- [Assignment]:
In the records below, find the line holding "Photograph by Константин Бокарев" and the line holding "Panasonic ڥ SLB17076LB1". Set down both, with every line between them, exactly.

- [The records]:
--- START ---

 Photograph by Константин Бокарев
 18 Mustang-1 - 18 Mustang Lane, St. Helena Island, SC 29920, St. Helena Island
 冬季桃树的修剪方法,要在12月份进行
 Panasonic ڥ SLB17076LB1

--- END ---
--- START ---

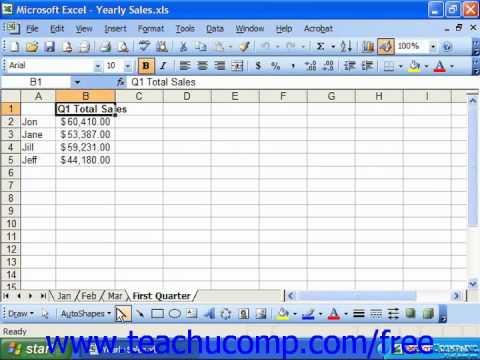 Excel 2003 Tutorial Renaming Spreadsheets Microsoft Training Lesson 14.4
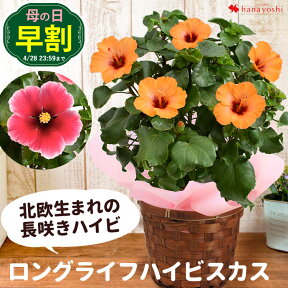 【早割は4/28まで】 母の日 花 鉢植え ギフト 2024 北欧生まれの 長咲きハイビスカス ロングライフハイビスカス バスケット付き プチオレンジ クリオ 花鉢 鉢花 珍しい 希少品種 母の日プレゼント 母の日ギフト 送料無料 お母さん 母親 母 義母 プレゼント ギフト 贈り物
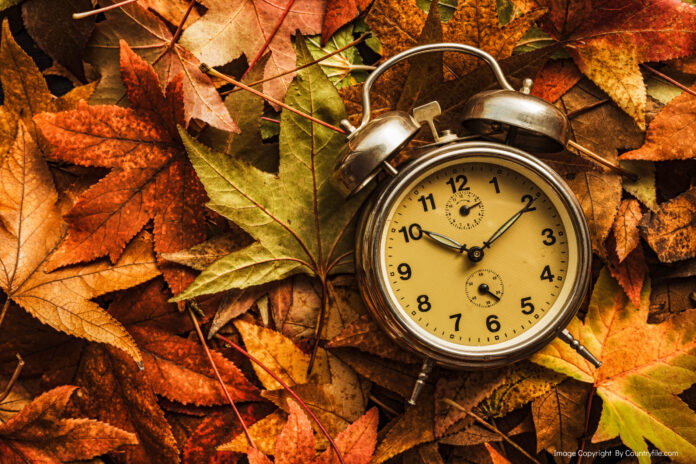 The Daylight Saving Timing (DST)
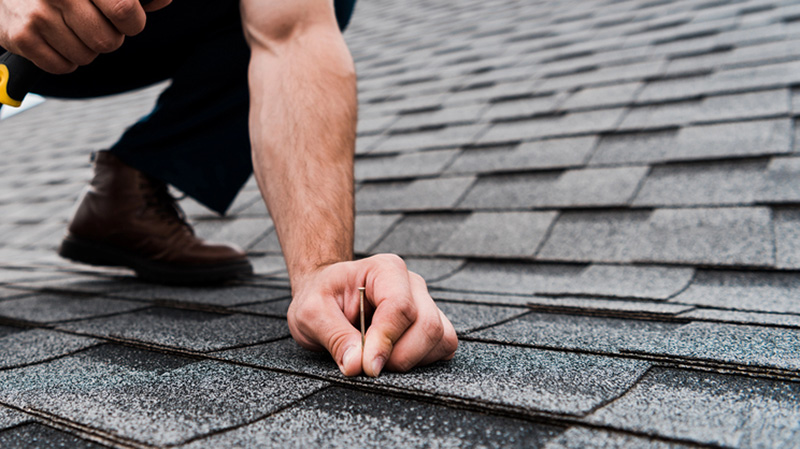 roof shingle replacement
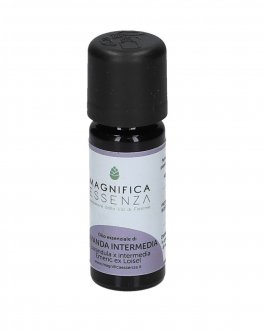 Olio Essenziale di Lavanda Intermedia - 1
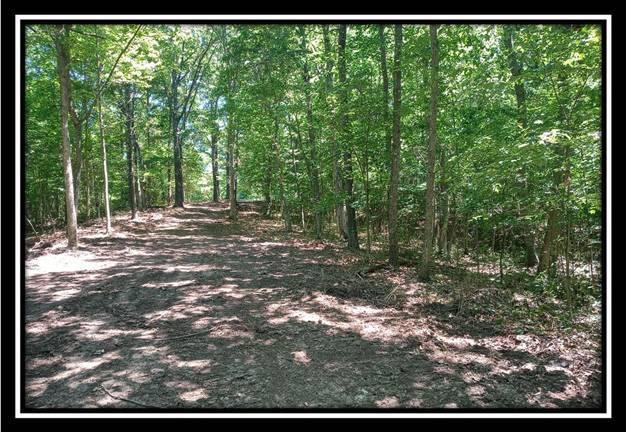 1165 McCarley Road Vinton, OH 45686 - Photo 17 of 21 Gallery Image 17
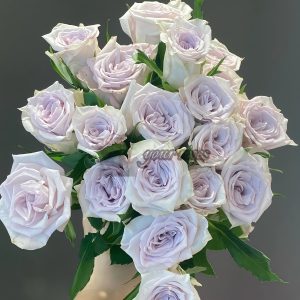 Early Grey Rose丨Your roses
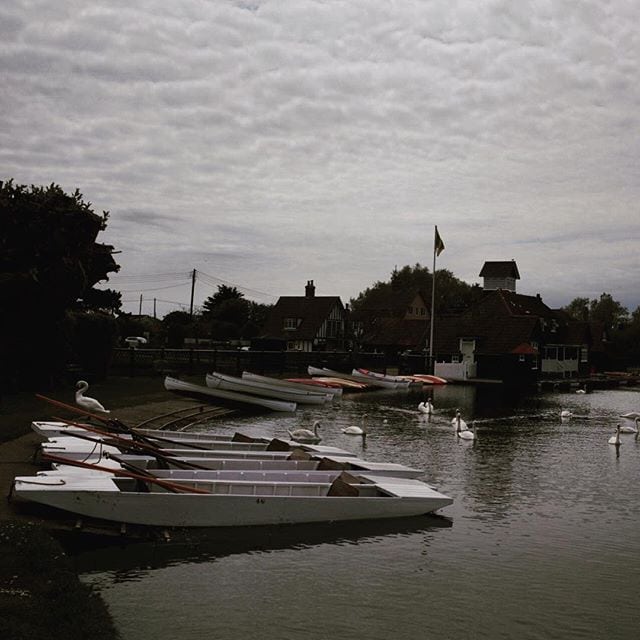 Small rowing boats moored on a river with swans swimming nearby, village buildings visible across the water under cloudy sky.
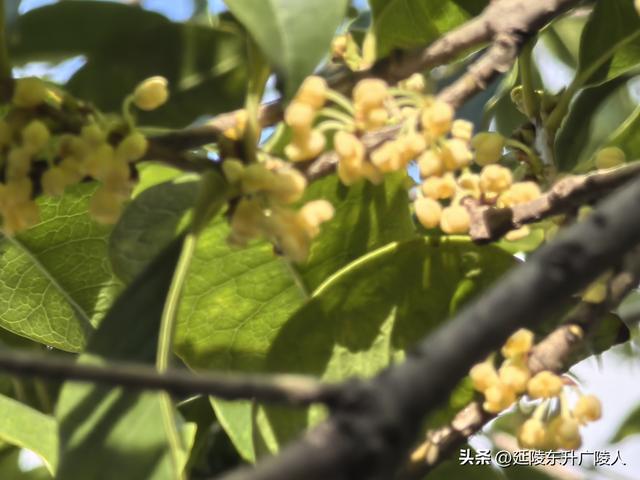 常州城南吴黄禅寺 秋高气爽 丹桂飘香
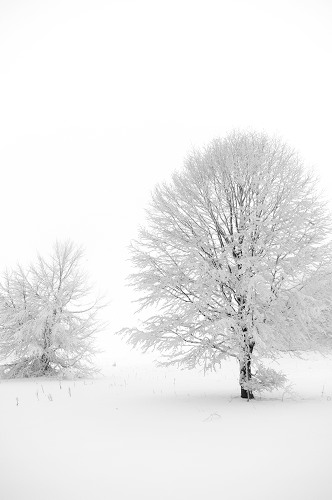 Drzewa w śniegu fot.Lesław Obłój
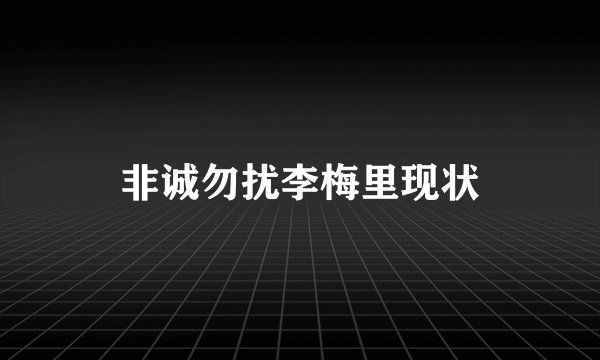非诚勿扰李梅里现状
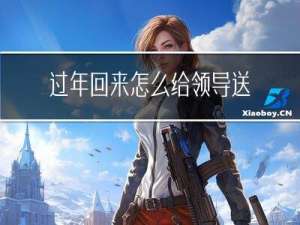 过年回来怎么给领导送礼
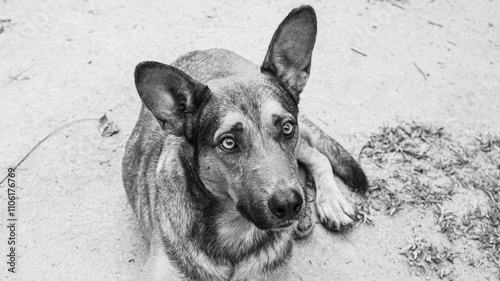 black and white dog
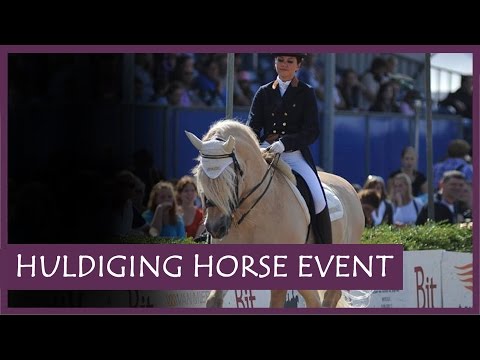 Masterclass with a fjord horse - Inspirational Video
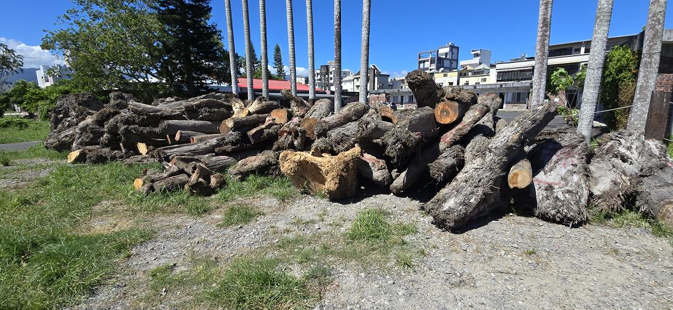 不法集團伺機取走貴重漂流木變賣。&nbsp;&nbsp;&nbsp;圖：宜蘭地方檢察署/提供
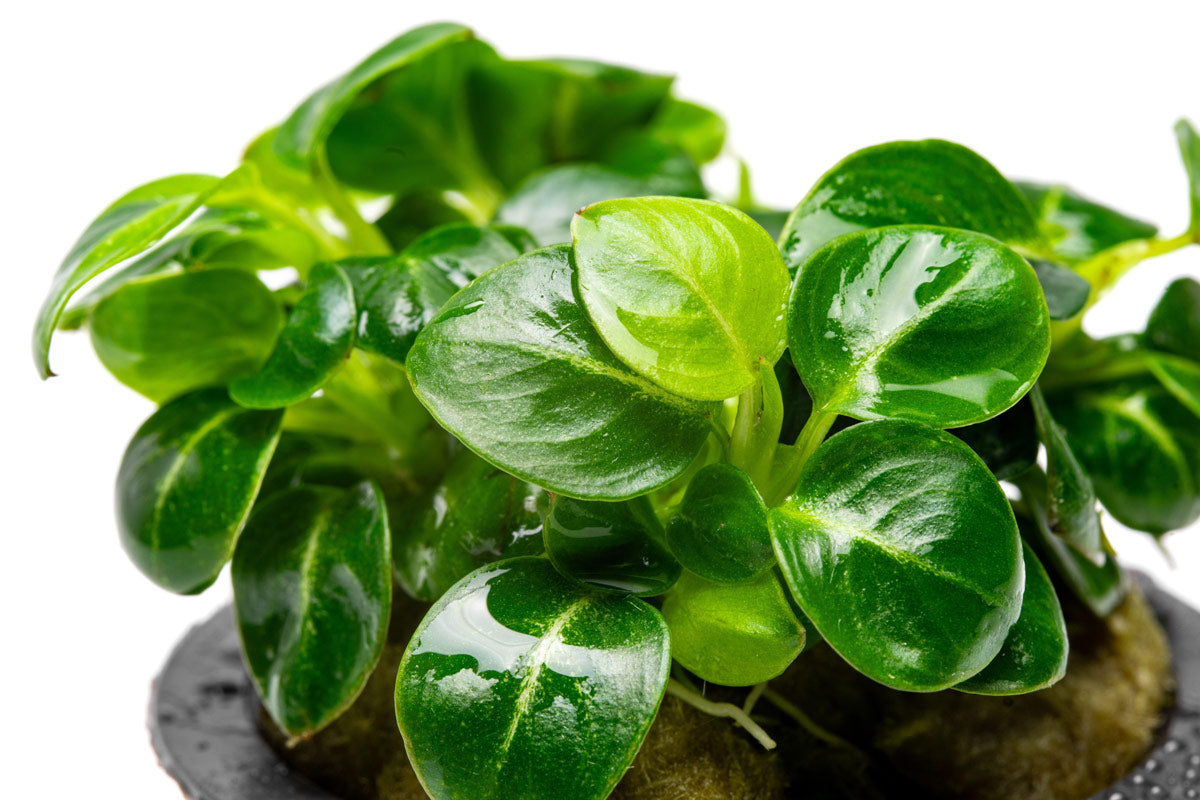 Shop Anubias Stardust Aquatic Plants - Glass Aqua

--- END ---

- [Exercise result]:
 Photograph by Константин Бокарев
 18 Mustang-1 - 18 Mustang Lane, St. Helena Island, SC 29920, St. Helena Island
 冬季桃树的修剪方法,要在12月份进行
 Panasonic ڥ SLB17076LB1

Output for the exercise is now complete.